Andrew Wyeth ( American, 1917 - 2009 )
That Gentleman evokes the pensive mood and quality of repose that are hallmarks of Andrew Wyeth's best work. The artist's model was Tom Clark, a fellow resident of Chester County, Pennsylvania. Impressed with his sitter's demeanor, Wyeth wrote: "His voice is gentle, his wit keen, and his wisdom enormous. He is not a character, but a very dignified gentleman who might otherwise have gone unrecorded." In another description, Wyeth offered another level of significance to the painting's title: “Tom Clark went about the business of living in a very orderly way. He would prepare his vegetables with a deft grace, mend his clothes with care, lift the lid of a kettle seconds before it would boil over, keep his wood stove just the right temperature, place his slippers on a newspaper so as not to soil the table top. This tall, thin gentleman always referred to objects—whether a potato, an annoying fly buzzing overhead, or a car passing by—as ‘that gentleman.’” 
The figure and setting display a somber dignity, as Clark sits with his back to the viewer and gazes off in quiet contemplation. The items around him show the great care and consideration with which he lived his life. Scissors and a key hang carefully from nails in the wall, and, as noted in Wyeth's description, shoes rest on a tabletop covered with parchment paper.
Wyeth gave his works an introspective feeling by paring away details and reducing his color variation. Wyeth learned the painstaking techniques of tempera painting from his brother-in-law, Peter Hurd (1904-1984), and reserved the medium for his most ambitious paintings. He was not only meticulous, even compulsive, in his realistic detail, he was also, like Thomas Eakins (1844-1916), the painter of lonely, sad and isolated people, caught in the emptiness surrounding successful America. Wyeth's dry, linear style, with its apparitional clarity, increases this sense of psychic isolation.
When first shown in Dallas in 1960, the public was so taken with That Gentleman that visitors left change in a box labeled "Help us buy this painting." As a gesture of gratitude for the local fundraising, Wyeth made the rare decision to let go of one of the preparatory sketches for his paintings. He donated That Gentleman Study (1962.11) to the Museum after reading an article about the collective effort to acquire the finished work.
 Andrew Wyeth (Boston, Massachusetts: Museum of Fine Arts, 1970), 95.
- "Highlights of the American Collection,” in Dallas Museum of Art 100 Years, eds. Dorothy Kosinski, et al. (Dallas, TX: Dallas Museum of Art, 2003), 48.

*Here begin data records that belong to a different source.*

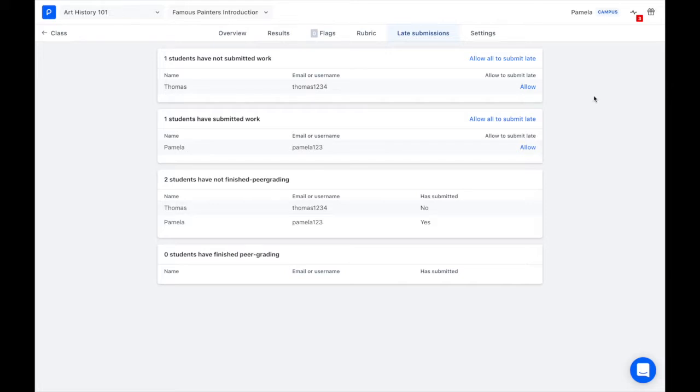I want to allow Thomas to submit late so I find his name in my list and then I click allow.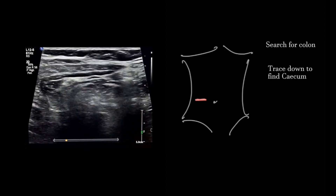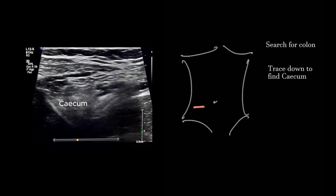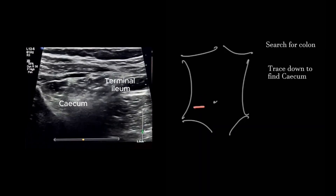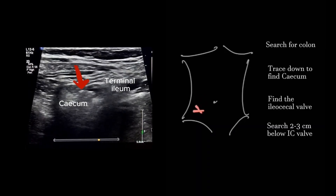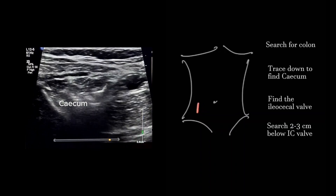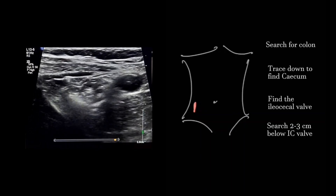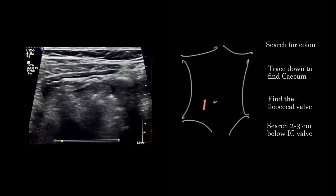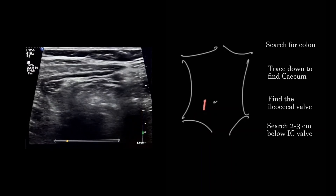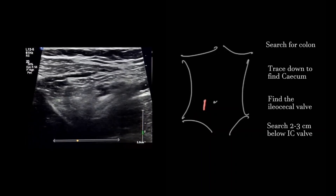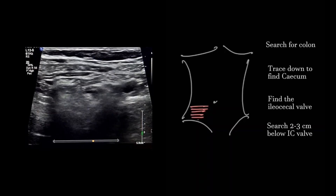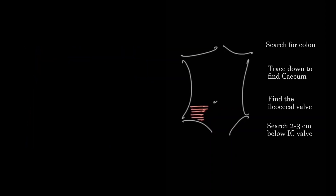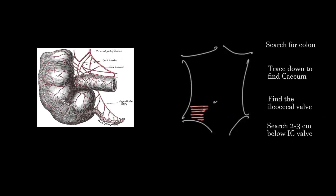Then we need to trace it down to find the cecum and the ileocecal junction. The appendix usually lies around 2 to 3 centimeters below the ileocecal junction.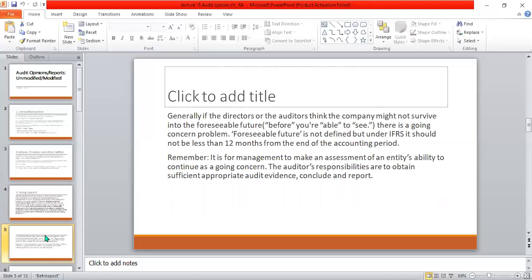The auditor's responsibility is to obtain sufficient appropriate audit evidence and conclude the report. Management is responsible for predicting future operations — such as future liabilities or prepayments. If management is not focusing on this, or there is a problem, the auditor has to mention the going concern problem in the audit report. Because of this, the auditor does not change his opinion on the financial statements.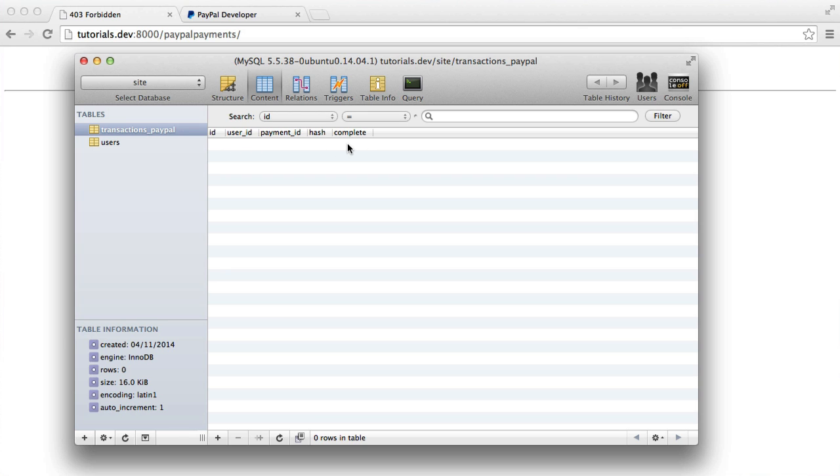So with that done, let's move on to the next video where we're going to be setting up our application to actually have a user signed in, a sort of fake session. And then we're going to start to build some of the PayPal functionality after that.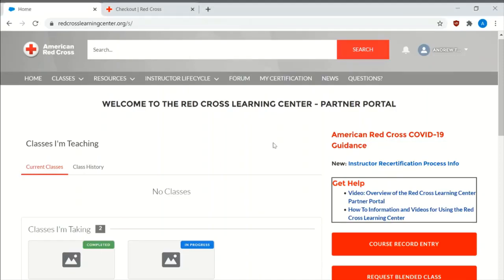Hello ladies and gentlemen, and this is Meet Andrew. Today I'm going to go over the broad overview of the Red Cross Learning Center dot org portal.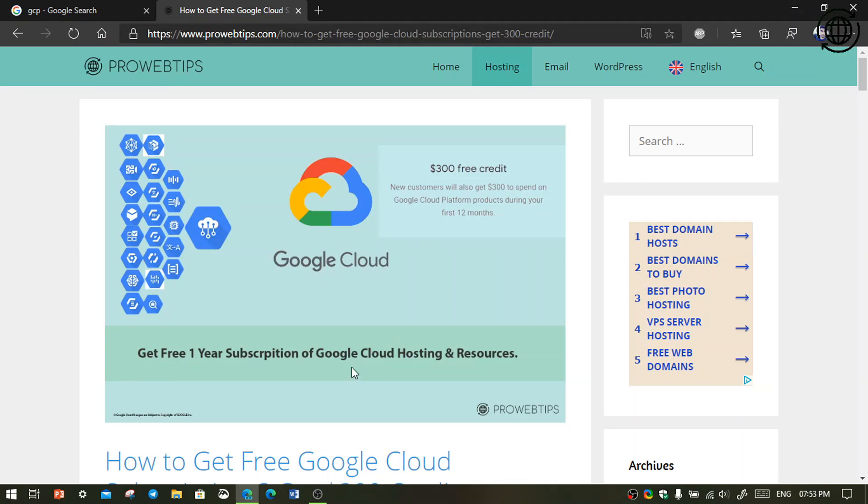Hello everyone, welcome to ProWebTips. In this video we are going to talk about how to get Google Cloud Platform and hosting subscription for 12 months with $300 credit. So stay tuned for the steps how to get the $300 credit.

- Bonnie Pitman, ed., Dallas Museum of Art: A Guide to the Collection (New Haven, CT: Yale University Press, 2012), 284.
- Eleanor Jones Harvey, "Andrew Wyeth, That Gentleman," in _Dallas Museum of Art: A Guide to the Collection, _ed. Suzanne Kotz (Dallas, TX: Dallas Museum of Art, 1997), 262.

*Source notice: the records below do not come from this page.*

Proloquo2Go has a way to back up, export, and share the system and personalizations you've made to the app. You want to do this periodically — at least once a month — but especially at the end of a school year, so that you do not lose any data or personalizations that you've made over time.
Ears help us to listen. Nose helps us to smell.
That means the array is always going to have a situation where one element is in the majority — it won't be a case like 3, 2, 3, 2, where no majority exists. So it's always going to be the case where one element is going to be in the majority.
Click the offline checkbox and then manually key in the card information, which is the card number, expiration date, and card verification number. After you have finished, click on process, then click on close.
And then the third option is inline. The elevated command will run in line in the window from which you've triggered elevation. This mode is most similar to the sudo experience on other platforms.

- "Andrew Wyeth, That Gentleman," DMA Connect, Dallas Museum of Art, 2012.
- That Gentleman debuted at the Dallas Museum of Fine Arts' "Famous Families in American Art" exhibition for the 1960 State Fair of Texas (October 8 to November 20, 1960).

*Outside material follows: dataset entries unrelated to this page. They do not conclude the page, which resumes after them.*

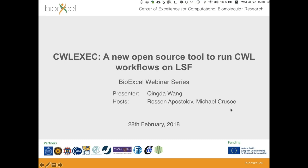Hello everyone and welcome to the next edition of the BioExcel webinar series. My name is Rosen Apostolov and I will be today's host. Today we will have a presentation of a new open source tool, CWExec, which allows you to run Common Workflow Language workflows on LSF. It will be presented by Ching De Wang. Today we have as co-host Michael Kruso, whom many of you know as the co-founder and leader of the CWL project.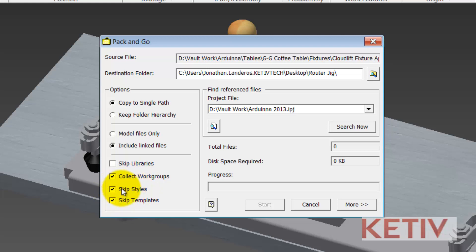Skipping styles will ignore any of the files associated with your design data folder and I usually like to leave those out in the interest of just keeping the Pack and Go as small as possible. Skipping templates would also leave out any template files that are associated to this particular project and I also like to leave those out just to keep everything as small as possible. Again, my choices.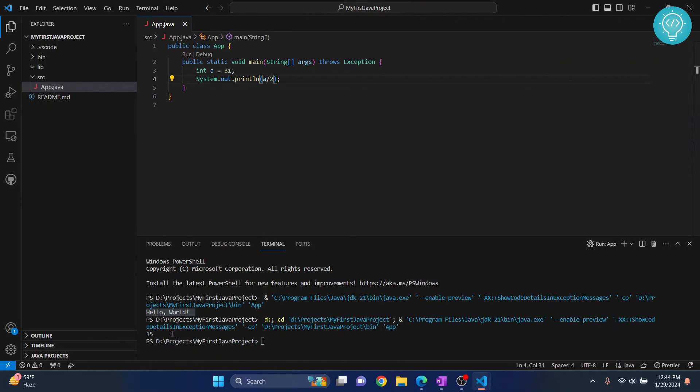And this time, as you can see, 15 is printed. And this is how you can install and set up Java in Visual Studio Code. If you have any questions, let me know in the comments below.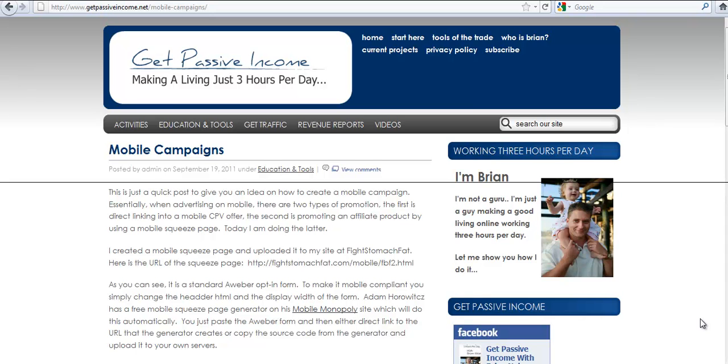Hi, this is Brian Nelson with GetPassiveIncome.com and I want to show you a very quick way to start using mobile phones to drive affiliate traffic and start generating revenue.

- The Dallas Museum of Art made headlines with the 1962 purchase of That Gentleman. The price of $58,000 was the highest amount paid by a museum for a painting by a living American artist. The record was preceded and surpassed by other museums' purchases of his paintings. The Philadelphia Museum of Art set the record in 1959 when they purchased Ground Hog Day, and the Farnsworth Art Museum (Rockland, Maine) continued to raise the bar when they acquired Her Room in 1963. This title was previously held by another artist represented in the Museum's collection. Frederic Edwin Church, painter of The Icebergs (1861, 1979.28), sold another monumental landscape for $10,000 in 1909. (The Heart of the Andes, 1859, The Metropolitan Museum of Art) The most recent record-breaking sale of a work by a living American artist occurred in 2013 when Jeff Koons (whose Inflatable Balloon Flower (Yellow), 1997, 2005.56 is owned by the DMA) sold a version of his over-sized Balloon Dog sculptures for over one thousand times Wyeth's 1962 record.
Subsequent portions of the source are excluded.